What Are Macroeconomic Indicators?

Macroeconomic indicators, also known as fundamental data releases, are statistics or readings that reflect the economic circumstances of a particular country, region or sector. They are used by analysts and governments to assess the current and future health of the economy and financial markets.

Macroeconomic indicators will vary in their meaning and the impact that they have on the economy, but broadly speaking there are two main types of indicators.

Types of Macroeconomic Indicators

  • Leading indicators - forecast where an economy might be heading. They are often used by governments to implement policies because they represent the first phase of a new economic cycle. They include: yield curve, interest rates and share prices.
  • Lagging indicators - reflect an economy’s historical performance and only change after a trend has been established. They are used to confirm a trend is underway. They include: gross domestic product (GDP), inflation and employment figures.

There is also the category of coincident indicators, but these are generally grouped in with lagging indicators as they either happen at the same time or after an economic shift.

Top Macroeconomic Indicators to Watch

The best macroeconomic indicator to watch will heavily depend on your personal preferences, what positions you are taking and which country your portfolio is focused on. However, there are some very common indicators that most traders and investors will keep an eye on.

The Stock Market

The stock market is considered a good predictive indicator of economic health, as market participants spend their time assessing the health of companies and the economy, so are well placed to judge future growth.

However, it’s important to keep in mind that there are several issues with relying on the stock market as an economic indicator. The main one being that the prices are often based on speculation rather than the true value of a company, which is why stock prices can be over- and under-valued. As the past has shown us, the stock market has also experienced significant bubbles ahead of market crashes, which can create a false sense of optimism about the state of the economy.

House Prices

The housing market is widely considered a leading indicator, because the information can inform the state of the economy months in advance.

A decline in housing prices suggests that the number of houses exceeds the amount of people looking to buy. This can have an impact on homeowner wealth, jobs in the construction sector and taxes, and can also force homeowners into foreclosure.

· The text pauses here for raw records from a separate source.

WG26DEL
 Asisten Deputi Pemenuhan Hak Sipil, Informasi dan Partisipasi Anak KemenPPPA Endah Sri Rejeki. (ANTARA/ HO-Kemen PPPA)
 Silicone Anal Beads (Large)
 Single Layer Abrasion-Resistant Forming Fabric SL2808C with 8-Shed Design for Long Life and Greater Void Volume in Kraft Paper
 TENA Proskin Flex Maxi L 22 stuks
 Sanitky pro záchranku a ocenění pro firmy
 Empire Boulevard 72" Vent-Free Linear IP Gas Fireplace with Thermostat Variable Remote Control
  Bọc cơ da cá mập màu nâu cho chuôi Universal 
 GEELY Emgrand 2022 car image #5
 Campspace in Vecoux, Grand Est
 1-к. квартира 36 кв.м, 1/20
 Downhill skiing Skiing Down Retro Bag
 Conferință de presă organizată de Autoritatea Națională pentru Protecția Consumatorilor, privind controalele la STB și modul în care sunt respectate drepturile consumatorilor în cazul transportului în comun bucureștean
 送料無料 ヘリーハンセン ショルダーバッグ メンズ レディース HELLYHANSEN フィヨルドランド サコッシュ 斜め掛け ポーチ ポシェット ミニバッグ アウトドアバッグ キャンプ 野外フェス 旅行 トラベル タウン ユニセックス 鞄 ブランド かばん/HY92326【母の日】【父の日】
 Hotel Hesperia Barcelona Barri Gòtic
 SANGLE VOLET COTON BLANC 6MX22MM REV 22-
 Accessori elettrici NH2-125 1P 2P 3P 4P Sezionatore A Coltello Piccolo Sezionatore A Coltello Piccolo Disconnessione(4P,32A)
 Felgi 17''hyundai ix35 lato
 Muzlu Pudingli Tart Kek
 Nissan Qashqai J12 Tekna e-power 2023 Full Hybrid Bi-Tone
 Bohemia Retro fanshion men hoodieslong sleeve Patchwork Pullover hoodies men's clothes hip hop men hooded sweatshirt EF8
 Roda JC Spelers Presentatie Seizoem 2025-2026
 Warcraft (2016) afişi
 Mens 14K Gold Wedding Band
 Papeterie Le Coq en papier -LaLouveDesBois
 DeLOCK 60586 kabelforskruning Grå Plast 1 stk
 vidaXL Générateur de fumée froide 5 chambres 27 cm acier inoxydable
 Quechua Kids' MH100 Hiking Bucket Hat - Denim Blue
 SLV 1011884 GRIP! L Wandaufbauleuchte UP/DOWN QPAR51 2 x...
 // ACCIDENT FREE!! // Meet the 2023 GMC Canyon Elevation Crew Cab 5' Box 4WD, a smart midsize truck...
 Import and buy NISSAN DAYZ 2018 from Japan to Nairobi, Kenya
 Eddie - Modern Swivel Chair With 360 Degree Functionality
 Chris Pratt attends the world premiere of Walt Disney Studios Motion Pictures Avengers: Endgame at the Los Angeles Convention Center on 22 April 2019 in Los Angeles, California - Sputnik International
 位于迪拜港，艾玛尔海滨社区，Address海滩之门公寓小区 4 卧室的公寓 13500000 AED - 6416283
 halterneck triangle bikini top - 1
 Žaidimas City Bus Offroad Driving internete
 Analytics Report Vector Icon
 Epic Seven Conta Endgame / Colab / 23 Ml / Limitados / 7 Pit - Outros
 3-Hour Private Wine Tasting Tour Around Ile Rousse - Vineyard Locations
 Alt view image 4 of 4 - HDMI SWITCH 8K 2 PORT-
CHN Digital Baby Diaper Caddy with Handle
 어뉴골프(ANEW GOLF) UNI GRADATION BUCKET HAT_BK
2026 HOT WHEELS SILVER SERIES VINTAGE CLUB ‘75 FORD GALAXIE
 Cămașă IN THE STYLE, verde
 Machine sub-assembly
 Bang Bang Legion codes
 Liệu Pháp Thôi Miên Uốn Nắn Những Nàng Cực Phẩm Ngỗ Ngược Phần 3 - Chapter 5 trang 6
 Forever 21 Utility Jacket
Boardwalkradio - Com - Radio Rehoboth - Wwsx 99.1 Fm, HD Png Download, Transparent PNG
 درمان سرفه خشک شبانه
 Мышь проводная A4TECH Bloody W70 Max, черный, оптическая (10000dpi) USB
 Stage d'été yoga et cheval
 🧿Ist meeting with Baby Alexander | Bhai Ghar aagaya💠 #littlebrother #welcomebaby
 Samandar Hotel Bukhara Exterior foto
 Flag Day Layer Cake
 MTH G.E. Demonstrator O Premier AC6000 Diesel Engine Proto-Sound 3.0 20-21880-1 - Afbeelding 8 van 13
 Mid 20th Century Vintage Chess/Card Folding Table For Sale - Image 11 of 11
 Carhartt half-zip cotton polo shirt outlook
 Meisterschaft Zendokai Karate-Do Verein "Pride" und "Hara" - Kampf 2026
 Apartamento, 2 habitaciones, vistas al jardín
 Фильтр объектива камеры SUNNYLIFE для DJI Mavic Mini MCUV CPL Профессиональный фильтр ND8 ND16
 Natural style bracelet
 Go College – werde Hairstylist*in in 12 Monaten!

On the other hand, the number of building permits can be a leading indicator of economic health, because companies will apply for these permits at least six months before they start construction. If new projects start, this is seen as an indication that these companies expect demand for homes to rise.

Bond Yields

The best way to use bonds as an indicator is by looking at the yield curve. A bond’s yield is the income that a trader can expect to receive in return for buying and holding a bond.

When the economy is growing, a positive upturn can be expected as a result of higher inflation. When the economic future becomes uncertain, the yield curve flattens. If the yield curve becomes inverted, this can be seen as a sign that investors expect economic growth to slow sharply while inflation is low, and they, therefore, expect central banks to cut interest rates.

Retail Sales

In general, increasing retail sales is an indication that the economy is improving. If consumers are confident in their economic circumstances and the future of their situation, they will continue to buy products and fork out money on items that aren’t necessities.

On the other hand, when consumers start to feel uncertain about their economic future, they will stop buying unnecessary items and restrict their spending. During these periods, stocks of companies involved in producing consumer necessities like food and utilities will tend to outperform the market. To combat the decline in spending, governments often implement tax reductions in order to give consumers more money and boost spending.

Interest Rates

Interest rates are often classified as both a leading and a lagging indicator. They are lagging in the sense that the decision to increase or decrease rates is made by central banks after an economic event or market movement has already occurred. However, they are also leading because once the decision has been made, there is a significant likelihood of the economy changing to reflect the new rate.

GDP Growth Rates

Gross domestic product (GDP) is the monetary value of all goods and services produced in a country. The data is widely used to compare the differences between economies and forecast their growth.

When GDP increases, it can have a knock-on effect on other indicators on this list, such as employment rates, as companies take on more employees and increase their production. If a country has a consistent GDP growth rate, this is a good sign that the economy is stable. On the other hand, if GDP starts to decline, this is often seen as a sign of a failing economy.

Currency Strength and Stability

A country’s currency is a reflection of the health and stability of its economy because a currency’s price is based on how buyers and sellers around the world perceive its value.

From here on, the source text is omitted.